La realtà è invece forse un’altra: la Banca d’Italia ha comprato BTp soprattutto dagli investitori italiani, e questi hanno usato i soldi “freschi di stampa” ricevuti da Via Nazionale per comprare titoli all’estero. Sono insomma gli italiani i primi a credere poco nel proprio Paese. La pensa così Fabio Balboni, economista di Hsbc: «I soldi del Qe sono stati usati dagli italiani per comprare titoli all’estero», osserva. E sono sempre i numeri a farlo intendere. Negli ultimi due anni gli italiani hanno acquistato (al netto delle vendite) fondi esteri per 132 miliardi. Le banche italiane hanno aumentato i titoli esteri in portafoglio di 31 miliardi. Gli altri investitori domestici (sono catalogati così dalla Bce) hanno aumentato i bond internazionali in portafoglio di 57 miliardi. Per contro gli investitori esteri hanno diminuito le obbligazioni di banche italiane di 29 miliardi.
Le ragioni della fuga
Se ci si chiede come mai gli italiani investano sempre più all’estero, i motivi possono essere molti. L’aumento molto evidente del passivo di Target 2 negli ultimi due mesi può essere legato all’incertezza sul referendum costituzionale. Qualcuno - come Dor - ritiene che la sfiducia parta dall’anemica crescita economica.
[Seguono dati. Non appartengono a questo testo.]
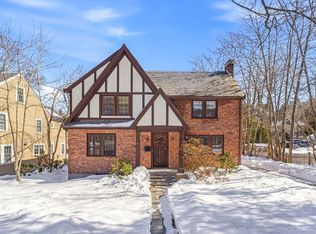46 Acacia Ave, Newton, MA 02467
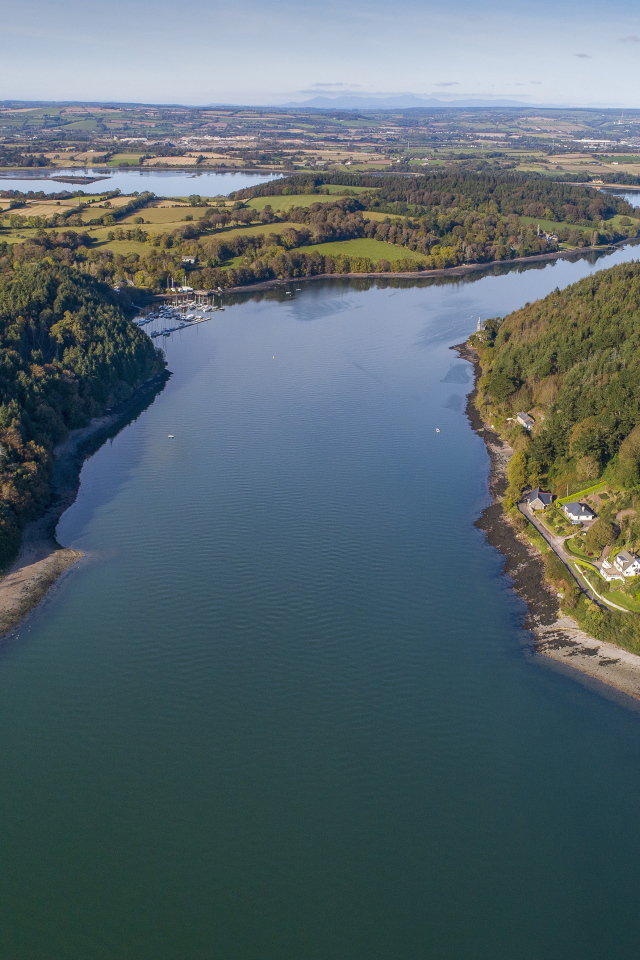 Вид с высоты на широкую реку 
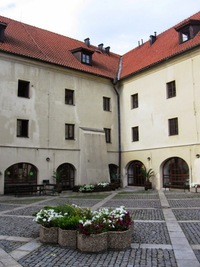 mnohokrát byl oškozen (požár, války),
Le banche italiane ultimamente stanno riducendo i titoli di Stato in bilancio (tra luglio e agosto ne hanno venduti per 12 miliardi secondo i dati Bankitalia) forse anche per timore di novità regolamentari che penalizzino in futuro chi detiene troppi titoli di Stato. I motivi possono essere tanti. E si mischiano, certamente, alle ragioni tecniche. O, forse, a quelle legate ai trend di mercato. Sta di fatto che i soldi della Bce, invece di stare nei Paesi che più ne avrebbero bisogno, finiscono sempre dove non servono: in Germania e nei Paesi più forti. «Segno - sostiene Balboni - che il Qe non funziona come dovrebbe».